#!/usr/bin/env python
# coding: utf-8

# ## Conformal Prediction
# 
# Conformal prediction computes confidence "intervals" associated to any black box prediction method, without assuming any prior model on the sample in the dataset. It computes the interval as quantile of runs of the method over the points in the dataset.
# 
# The main reference is
# 
# > Glenn Shafer, Vladimir Vovk, [A Tutorial on Conformal Prediction](https://jmlr.csail.mit.edu/papers/volume9/shafer08a/shafer08a.pdf)

# In[1]:


import numpy as np
import matplotlib.pyplot as plt


# Generate input data.

# In[2]:


def phi0(x): return np.concatenate( (x*0+1, x, x**2, x**3), axis=1 )
n = 200 # number of points 
X0 = 8*( np.random.rand(n,1)-.5 )+.5
w0 = np.array([0,-5,0,1]) # coefficients
Y0 = phi0(X0) @ w0 + np.random.randn(n) * 7


# Display data.

# In[3]:


plt.plot(X0,Y0, '.');


# We consider a simple least square method as estimator, but the method works for any black box function of some data $X = (x_i)_{i}$, $Y=(y_i)_i$
# 
# $$
#     \hat y(x|X,Y) \triangleq \langle \varphi(x), \hat w(x|Z) \rangle
#     \quad\text{where}\quad
#     \hat w(x|X,Y) \triangleq
#     \text{arg}\min_{w \in \mathbb{R}^d} \sum_i | \langle \varphi(z_i), w \rangle - y_i |^2
# $$
# where $\phi(x) \in \mathbb{R}^d$ is some feature vector.
# We consider here polynomial features $\varphi(z) = (1,x,\ldots,x^{d-1})$.

# In[4]:


def phi(x): return np.concatenate( (x*0+1, x, x**2, x**3), axis=1 )

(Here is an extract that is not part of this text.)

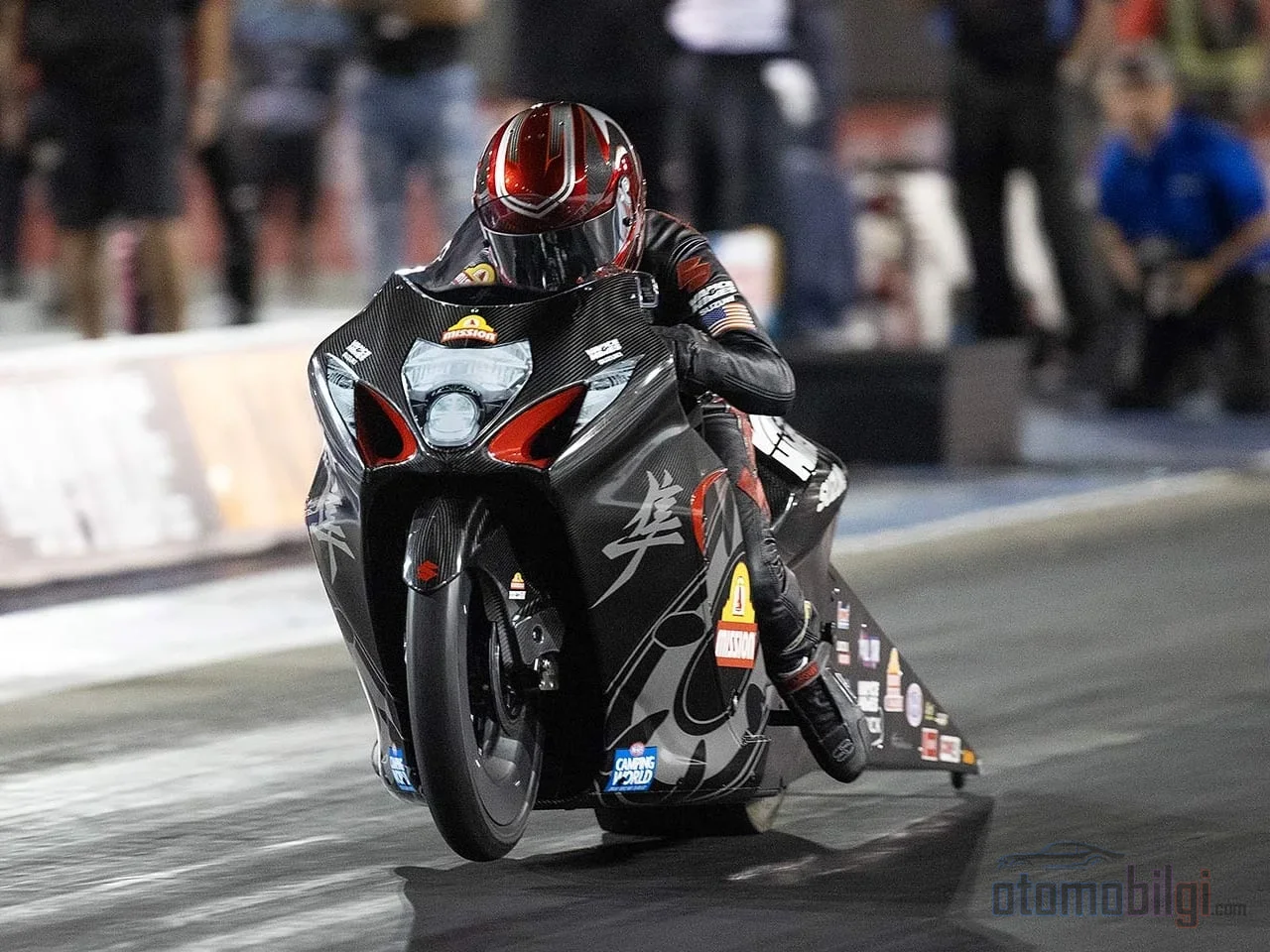 Une Suzuki d'apparence totalement d'usine redéfinit entièrement le quart de mile en dépassant les 205 mph en six secondes et demie.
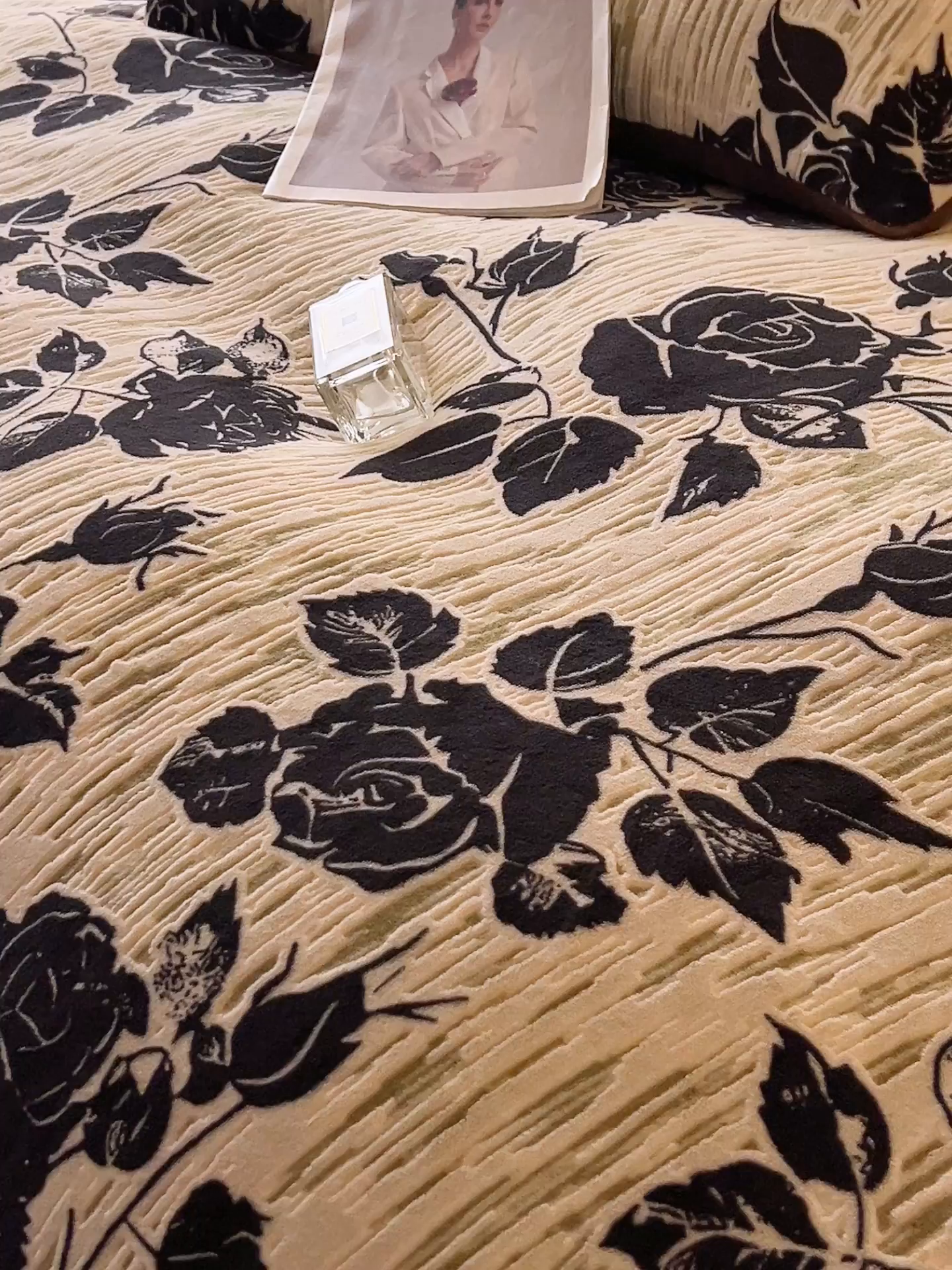 91家纺网 家纺一手货源 找家纺 吾诺家居 2025新款美拉德数码绒暖秋系列四件套 丝绒玫瑰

# Implements $\hat w(x|X,Y)$ and $\hat y(x|X,Y)$.

# In[5]:


def hat_w(X,Y): return np.linalg.pinv(phi(X))@Y
def hat_y(x,w): return phi(x) @ w


# Display the prediction at the sample of the dataset.

# In[6]:


plt.plot(X0,Y0, '.')
plt.plot(X0, hat_y(X0,hat_w(X0,Y0)), 'r.');


# The conformance function $S(x,y|X,Y)$ checkes the accuacy of the prediction
# $$
#     S(x,y|X,Y) \triangleq |y-\hat y(x|X,Y)|.
# $$
# To ease implementation, we implement it as a function of the parameter $w=\hat w(x|X,Y)$ of the model.

# In[7]:


def S(x,y, w): return np.abs(y-hat_y(x,w))


# In[8]:


plt.scatter(X0,Y0,c=S(X0,Y0,hat_w(X0,Y0)), s=15, vmax=10)
plt.plot(X0, hat_y(X0,hat_w(X0,Y0)), 'r.');


# The conformal prediction compute a score $C(x,y|X,Y)$ which is obtained by computing the rank of conformance at the point of interest
# $$
#     V \triangleq S(x,y| X \cup x, Y \cup y).
# $$
# among all possible scores at the samples 
# $$
#     V_i \triangleq S(X_i,Y_i| X \cup x, Y \cup y)
# $$
# This score is thus defined as
# $$
#     C(x,y|X,Y) \triangleq \frac{1}{n+1} \sum_{i} 1_{V_i \leq V}
# $$

# In[9]:


def conformal(x,y):
    V = np.zeros(n)
    w = hat_w(np.append(X0,x).reshape(n+1,1),np.append(Y0,y))
    for i in range(n):
        V[i] = S(X0[i,:].reshape(1,1),Y0[i], w)
    return (1 + np.sum( V<=S(np.array(x).reshape(1,1),y, w) ) ) / (n+1)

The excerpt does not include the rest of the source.